Many Māori see the legal system as flawed. To have a lawyer who looks like us, sounds like us, is for Māori, and is deeply committed to making policy and the machinery of parliament easy to understand, is appealing to us.
And in the North, Hūhana Lyndon is traditional, visible, and present. As an uri of Ngāpuhi nui tonu, she is renowned for being at every hui across Te Tai Tokerau. I witnessed it firsthand when Shane Jones proposed a marina berth development on our hapū whenua in Te Rāwhiti. Lyndon took to social media to advocate for the hapū, as she’s done for many others, to raise awareness, and took those matters to parliament.
The Greens and Te Pāti Māori have their own problems. The Greens have had several high-profile departures this term, and Te Pāti Māori’s internal wars have dominated headlines recently. But both understand something fundamental: Māori political capital is now built differently. It is built on accessibility, grassroots literacy, policy confidence, cultural conviction, and direct unfiltered communication.
Can we honestly see these same attributes within the Labour Party?

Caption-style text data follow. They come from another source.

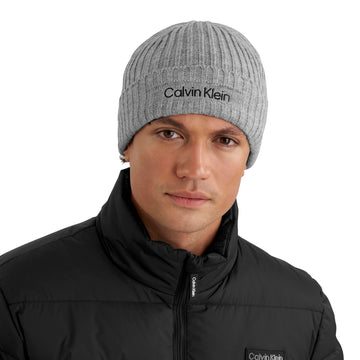Calvin Klein Golf Boyland Knitted Beanie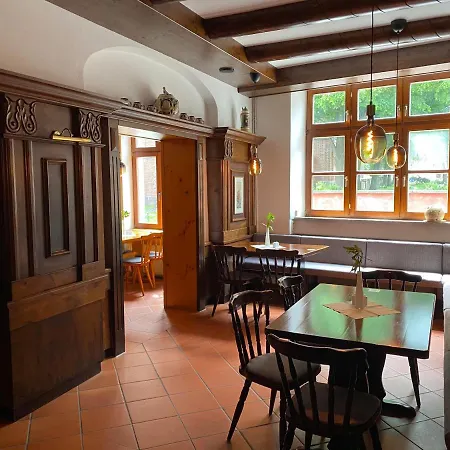 Gasthof Norddeutscher Hof 3*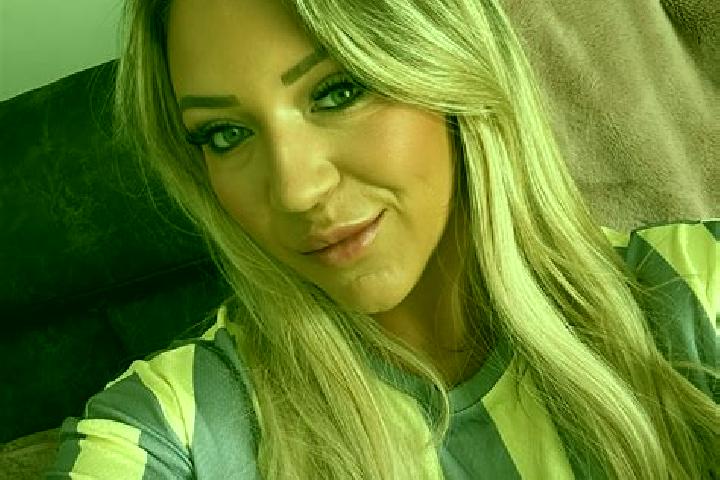 Sofia, 27 — Escort in Leleni, Mali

The party needs to learn that younger Māori voters are politically literate, digitally fluent, and unafraid of constitutional language. We are living in an era where we recognise the mamae our grandparents endured – and we want structural change.
It is not solely cultural erasure we contend with. It is land privatisation that has interrupted sustainable kai systems, deepening poverty. It is an economic model built on Māori dispossession. When politicians speak of a healthy economy, what does that mean for everyday whānau? Who translates those abstractions into lived impact?

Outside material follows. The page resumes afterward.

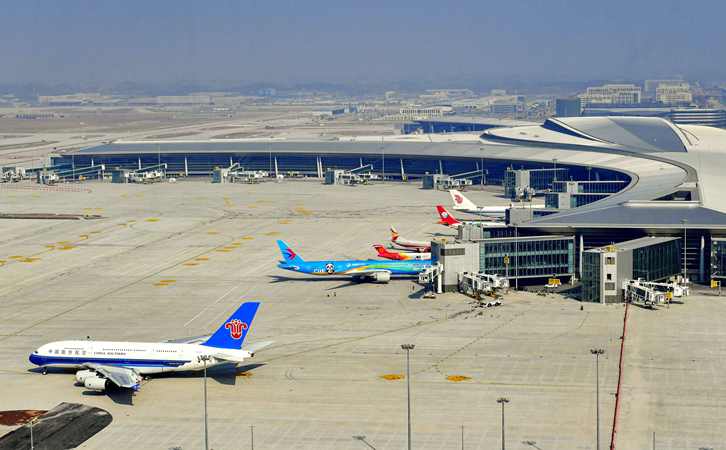 淮安空运北京（首都、大兴）机场代理公司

Who explains why first-home ownership feels unattainable? Who addresses how two or three-bedroom homes in Glen Innes close to decile one schools are now worth $1 million? Who ensures economic literacy is shared, rather than gatekept?

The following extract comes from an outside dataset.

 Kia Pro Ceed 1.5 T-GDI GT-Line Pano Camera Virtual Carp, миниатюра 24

There is also structural tension. Labour, with its long history, is an intrinsic part of the country’s political structure. But if the system itself is being fundamentally challenged, what space remains for a party whose strength has always been its fluency within it?
Labour has a history of warriors and partnership – that’s undeniable – and it’s also something to stand strong on. What it needs now is to focus on connecting with the future. A new generation is emerging – one less burdened by the trauma and memory of past political compromises, and more fearless in challenging the status quo.
We elect people who are people. The ones who know their rohe, who translate policies into grassroots understanding, leaders who show up and remember that politics is not performance but a service to better the lives of all New Zealanders.
It’s because of this shift that Māori communities can now comprehend a political system that felt inaccessible in the past.
The new generation is not waiting to be invited in. The kōhanga reo generation is here.